I hope you found this helpful! If there’s a tool or piece of equipment you consider absolutely indispensable, I’d love to hear about it.
Clock collecting and repair allows me to combine my other hobby, photography with the world of horology.
I have seen so many poor photos of clocks that I thought I would cover one small aspect of photography, macro photography. The following is a generalist approach to macro photography that is intended to allow the hobbyist to take more interesting photos of their clocks. You can make macro photography as basic or as complex as you wish it to be. Here we are talking about normal macro as opposed to true macro when you are creating an extreme close-up image of an insect, for example. Normal macro is a sharp image of a tiny object requiring the lens to be positioned much closer to the object. You do not have to be a studio pro to take macro images but you should have a macro capable lens.
Most photos on my blog are taken with an 8 megapixel Olympus E330 SLR which I have had for about 10 years. It is coupled to a 50mm F2 lens macro lens purchased around the same time (equivalent 35mm focal distance of 100mm). For photo enthusiasts the lens has has 11 elements in 10 groups with a minimum focusing distance of 0.2m. In 2008 DPReview called the 50mm a “Superb image quality (lens) even wide open – sharp, distortion-free with no lateral Chromatic Aberration”.
I do not use a cellphone when taking clock pictures. Simply put, it is NOT the resolution, it is the lens
The 50mm lens is a true macro and it permits shots that would be otherwise impossible to take on a typical cellphone camera. I do not use a cellphone when taking clock pictures. It is NOT the resolution, it is the lens. There are occasions when I will use a more up-to-date camera such as my Panasonic G85 when taking some clock shots and all videos as the E330 is not video capable.

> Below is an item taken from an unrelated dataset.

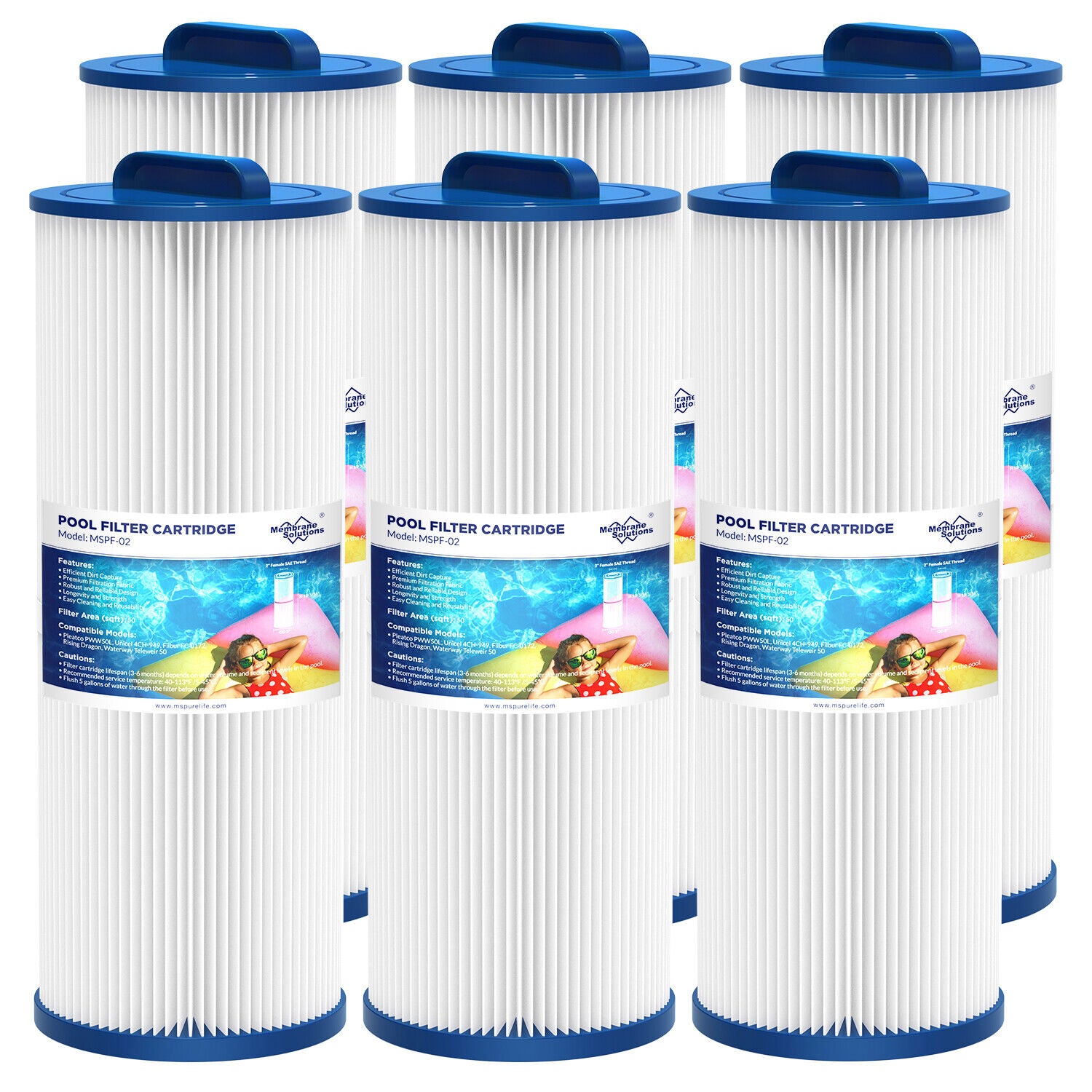 Membrane Solutions F2 Swimming Pool Filter Cartridge Replacement for Pleatco PWW50L 4CH-949 FC-0172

8 megapixel E330 with 50mm F2 lens, introduced in 2006; first DSLR with “Liveview”
In some of the shots you will notice a purposely blurred out background. This is known as Bokeh. The degree of blurriness or Bokeh is an indicator of the quality of the lens but more importantly Bokeh allows the viewer to concentrate on the object in question without the distraction of a background. The decrease in sharpness is gradual on each side of the focused distance. This is accomplished by setting your camera lens to the widest possible setting (lower F stop, F2 for instance) and then focusing on one particular part of the frame. The contrast between in and out of focus portions of the frame concentrating around the subject and relative distance to other things in the frame creates a deeply enriched image.
E330 back view
A flash attachment like the Olympus FL-36 allows you to tailor the light for the scene. Make sure your camera has a hot-shoe for an external flash. Invest in an external flash unit with a 90 degree swivel (bounce) head. Buy the flash that is correct for your camera. You don’t need to spend a lot of money, external flash attachments can be very inexpensive.
When taking a flash picture indoors, turn off the camera’s built-in flash. Point the bounce flash head at the ceiling (rather than at the object) and take the picture. This will provide a soft, diffused light and it will cut down on reflections. Bouncing light creates a more natural effect rather a direct flash on an object which can be harsh and unattractive. Bouncing also works best with light coloured ceilings, white being the preferred colour. When there is no light to bounce off, a diffuser works well. The photo below shows the FL-35 with a diffuser (white rectangular shaped plastic top) attached.
E330 with Olympus flash
The top photo (Westclox LaSalle alarm clock) was shot with a white cloth background and a bounce flash.
Use auto white balance (AWB) in your camera settings. Shooting in JPEG is perfectly fine but for more control over the final result, shoot in RAW to correct colour temperature and exposure in post processing.
Rather than explain each shot I will allow the photos speak for themselves.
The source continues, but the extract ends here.